Any help would be much appreciated

sdtblck avatar Oct 21 '21 19:10 sdtblck

Hi @sdtblck ,

Thanks for the reproducible script, very easy to reproduce. Turns out your tokenizer was trained with add_prefix_space which will add a prefix space on words when decoding.

If you modify all add_prefix_space: false within your tokenizer.json everything should work as intended. The add_prefix_space will add the extra space in front of words when decoding.

Does that work ?

Narsil avatar Oct 22 '21 08:10 Narsil

ah ok, I think i misunderstood what the 'add_prefix_space' option does. I had assumed it controlled whether the space between words was at the beginning, or end of the token. But looks like it just controls whether a prefix space is added to the beginning of a document?

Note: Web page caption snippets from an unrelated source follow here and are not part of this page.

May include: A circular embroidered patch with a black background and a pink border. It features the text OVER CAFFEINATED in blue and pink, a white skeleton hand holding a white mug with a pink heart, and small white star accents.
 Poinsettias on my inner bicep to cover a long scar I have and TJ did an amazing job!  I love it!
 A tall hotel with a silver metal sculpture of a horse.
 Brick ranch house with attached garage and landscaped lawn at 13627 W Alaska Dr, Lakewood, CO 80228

sdtblck avatar Oct 24 '21 16:10 sdtblck

Like most options in this library, they exist to emulate previous published work that behave in a certain way and it was needed to behave in exactly the same way here, most of them are overridable like this flag here.

Narsil avatar Oct 25 '21 06:10 Narsil

This issue is stale because it has been open 30 days with no activity. Remove stale label or comment or this will be closed in 5 days.

github-actions[bot] avatar Mar 11 '24 01:03 github-actions[bot]